L’ardita impresa di Pupi Avati regista, sceneggiatore e produttore del film sul sommo poeta
Il regista bolognese dallo schermo nero della prima sequenza del suo film Dante fa muovere le ombre che danno vita al grande fiorentino, prima che eccelso poeta lo sente persona colta nella sua umanità, come uno di noi. Non fa una biografia secondo schemi stilistici consueti. La sua disobbedienza ai canoni conformati alla “decima musa”, ispiratrice della moderna arte del movimento (cinema), Avati la richiamò anche in un incontro a Pontremoli una serata di qualche anno fa. L’ossatura di questo film si regge sull’amore di Giovanni Boccaccio per Dante; a lui si deve l’aggiunta di “divina”alla Commedia, il Trattatelo in laude di Dante e la lettura commentata ai fiorentini dei primi 17 canti dell’Inferno.
Sergio Castellito è il protagonista Boccaccio che va a Ravenna per consegnare a Dante là rifugiato dieci fiorini d’oro come risarcimento simbolico dei beni sequestrati dopo la condanna per baratteria e riconosciuta falsa accusa da alcune donne gentili. Lo spazio della narrazione è la via da Firenze a Ravenna, il tempo è il 1350, si sente ancora l’odore della morte due anni dopo la terribile peste bubbonica che colpì il mondo. Durante il viaggio incontra persone che avevano conosciuto il poeta: sono come tanti “flash-back sulle esperienze di un uomo che ha molto sofferto. Donne pietose assistono Dante agonizzante per malaria, è la notte tra il 13-14 settembre 1321. La metafora dell’alfa e dell’òmega come termini della vita è rovesciata, si risale all’infanzia di Dante che assiste alla morte della mamma, crescerà col padre e la sua nuova moglie.
Dante giovane, interpretato da Alessandro Sperduti, non parla mai con le parole ma col sorriso e la luce degli occhi che hanno visto Beatrice bambina, poi adolescente e nasce un amore sublime e per sempre.
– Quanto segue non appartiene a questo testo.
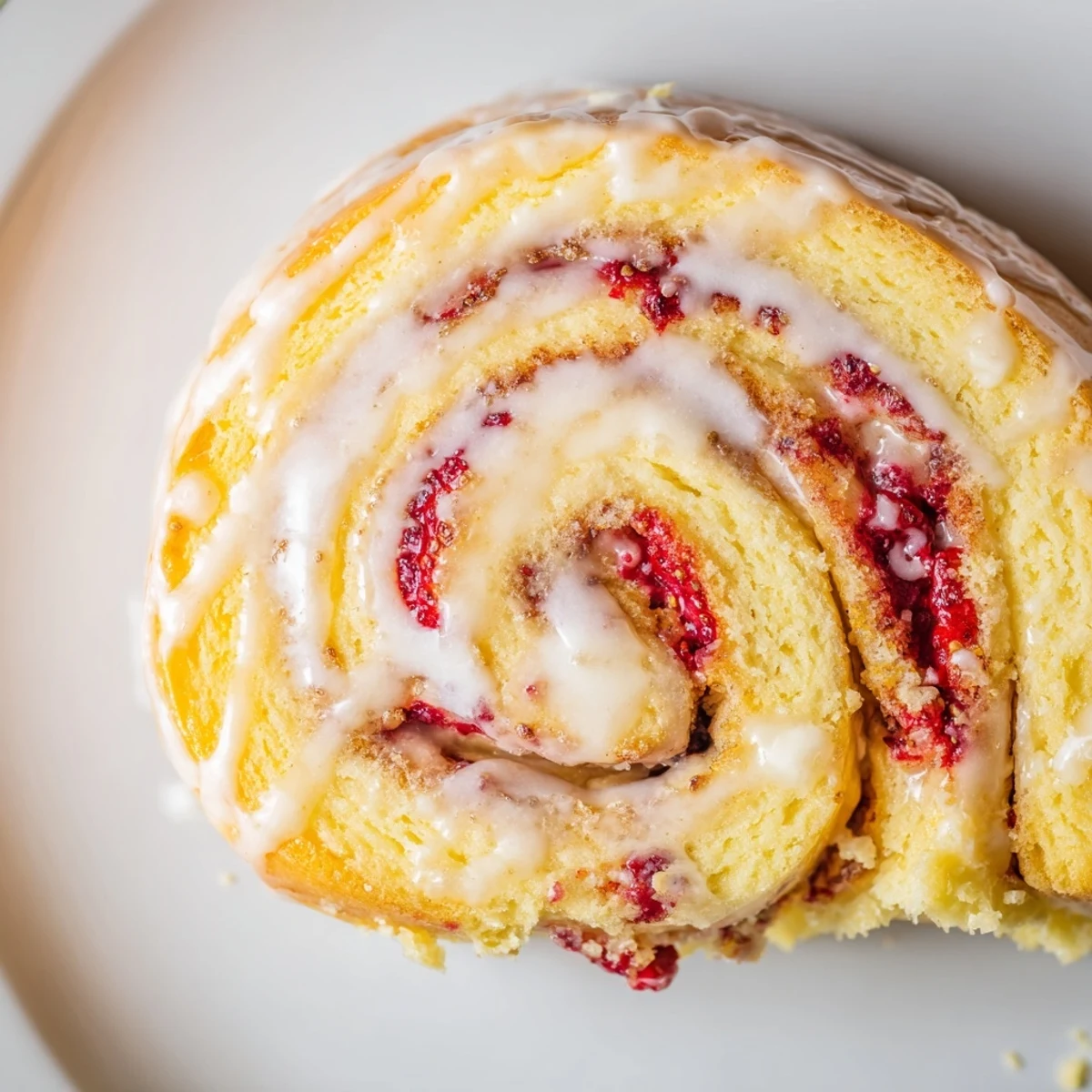 Golden Strawberry Shortcake Cheesecake Rolls drizzled with sweet vanilla glaze on a white plate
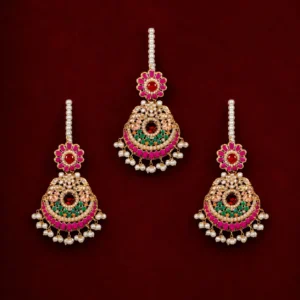 Shev earrings and bindia - Image 1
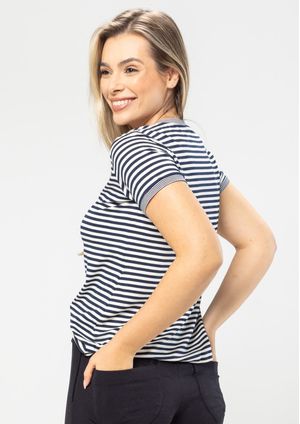 Blusa Pau a Pique Listrada Azul Marinho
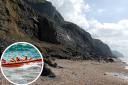 Emergency services were called as two people became stuck on the beach near Charmouth yesterday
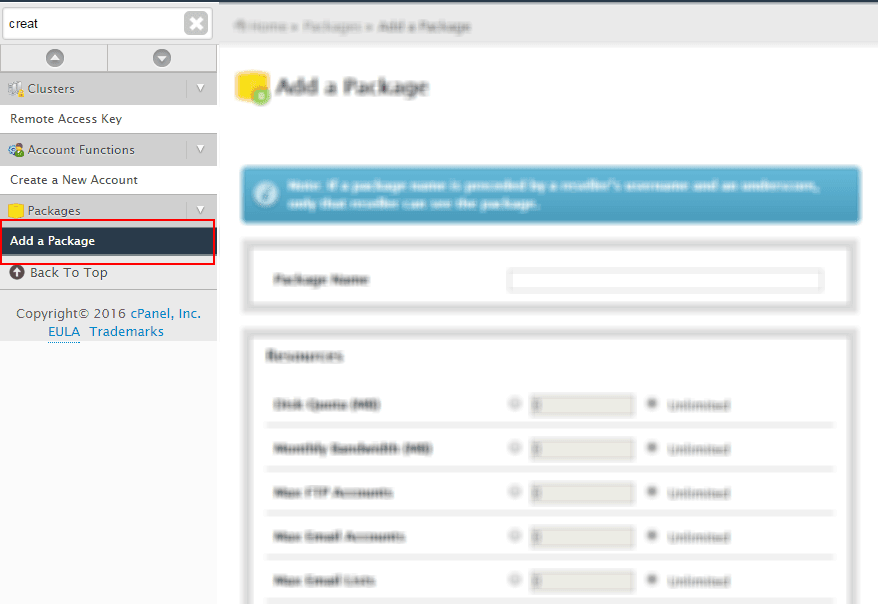 Managing Hosting Packages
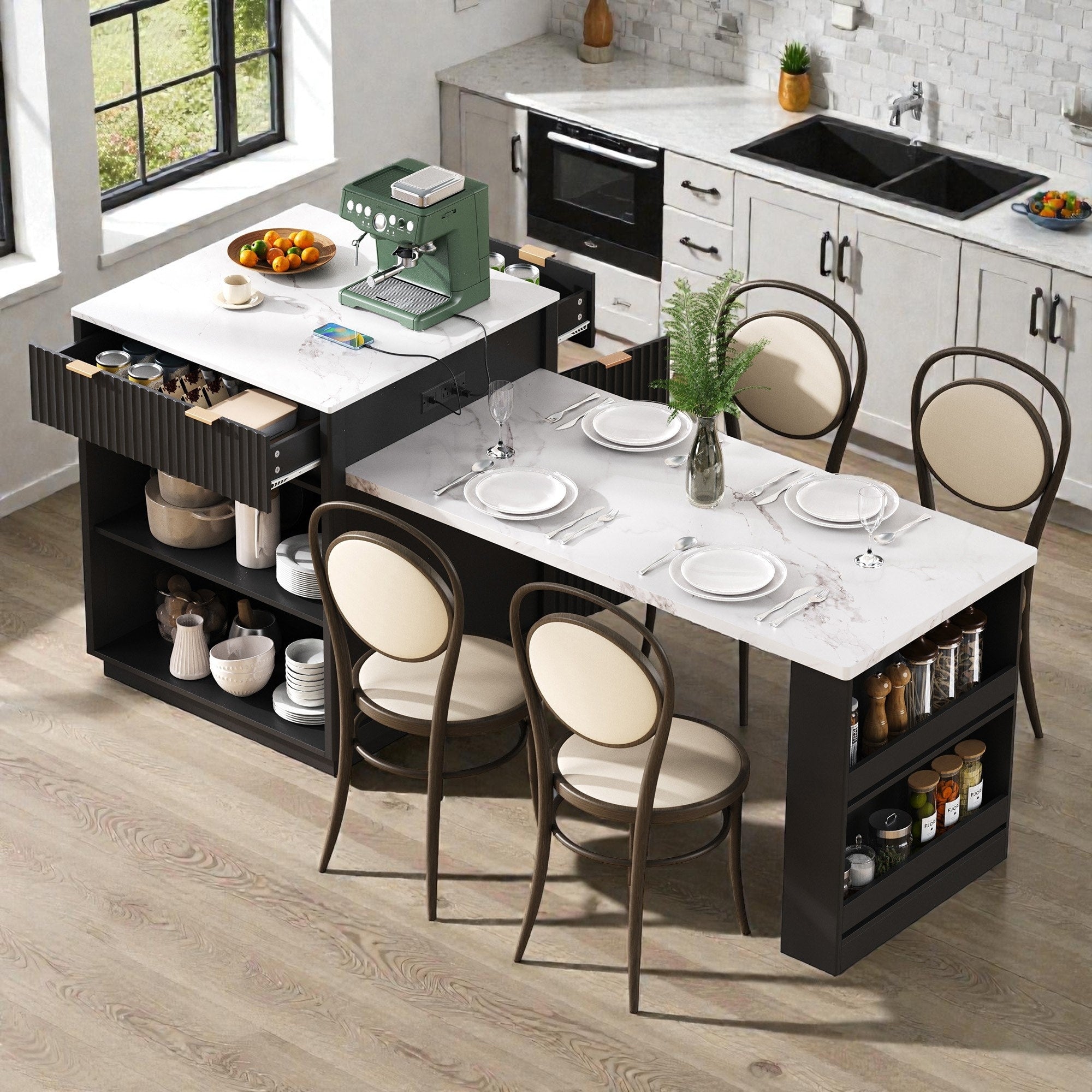 82.6 Fluted Kitchen Island With Extendable Dining Table For 2 6 Power Outlet Double Side Storage Drawers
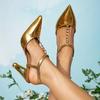 Women's shoes gold high heels sandals party special-shaped heel fashion pointed metal chain simple buckle high heels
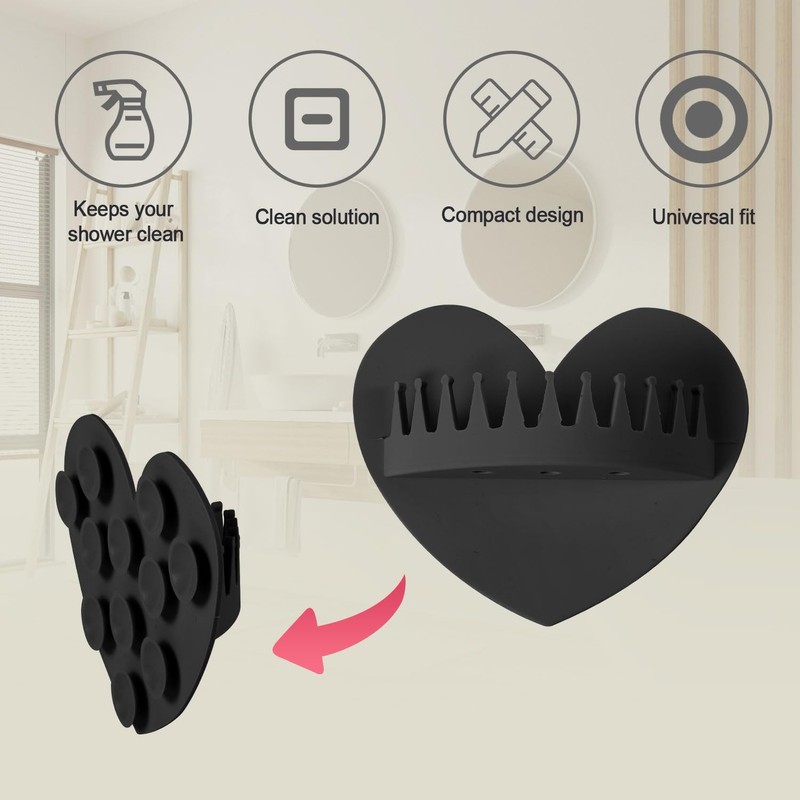 BOXOB Hair Catcher Shower Wall, Heart Shape Shower Hair Grabber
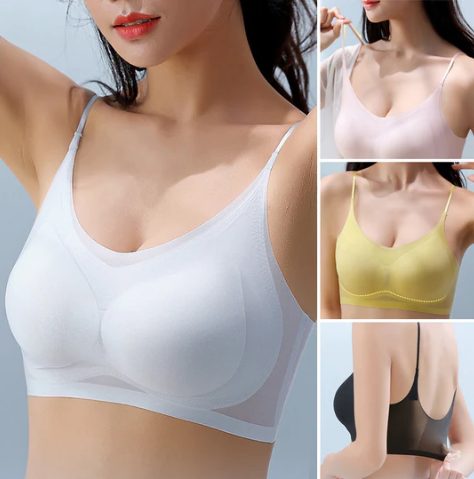 Bralette sans coutures en soie glacée confortable - 1+1 OFFERT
Le emozioni profonde, le vibrazioni psicologiche Dante le fece parola scritta mentre germogliavano all’interno di sé, ammirate da Guido Cavalcanti e gli altri amici del Dolce stil novo e pure da noi quando leggiamo la Vita nuova in forma di “prosimetro”, alcuni brani sono la musica di fondo nel film; “io ti saluto” le uniche loro parole nel sonoro del film. Beatrice vive nell’eterno della poesia, gentile e onesta, dà onore, appare come creatura venuta da cielo in terra a miracol mostrare. È soave ispirazione amorosa, dolce turbamento di un legame che va oltre la morte precoce dell’amata.
Dante è disperato, per sollevarlo la famiglia lo fa sposare con Gemma Donati, non amata, madre dei tre figli Pietro, Jacopo e Anna, ridotta misera li invoca là dove erano le case degli Alighieri. La lotta politica era sempre più furibonda, tra guelfi bianchi e neri si venne al sangue, Dante di parte bianca, che nel 1289 aveva combattuto contro Arezzo nella piana di Campaldino, gravato da problemi economici si candidò a priore delle arti, ma gli intrighi di papa Bonifacio VIII e l’inganno dei francesi portano al predominio dei neri.
Dante è condannato a morte: non può far altro che restare in esilio per sempre. Una donna nel film dice di aver accolto Dante impegnato a comporre un’opera per la quale sperava di tornare a Firenze e essere incoronato poeta. Boccaccio dice di dovere tutto a Dante, maestro del suo poetare, ci sono citazioni e immagini da Elegia di madonna Fiammetta, il grande amore dello splendido novellista certaldese, anch’egli in cerca del padre morto di peste e della figlia Violante; la trova ma non lo riconosce come padre.
A Ravenna consegna il peculio dei fiorini alla figlia di Dante diventata suor Beatrice, che dapprima non vuol parlare perché odia i fiorentini, ma poi capisce la commozione e l’ammirazione per suo padre, che a Ravenna contemplava la perfezione geometrica del campanile a cilindro e la meraviglia dei mosaici di Sant’Apollinare in Classe ispiratori del Paradiso. Buona visione! Lo merita.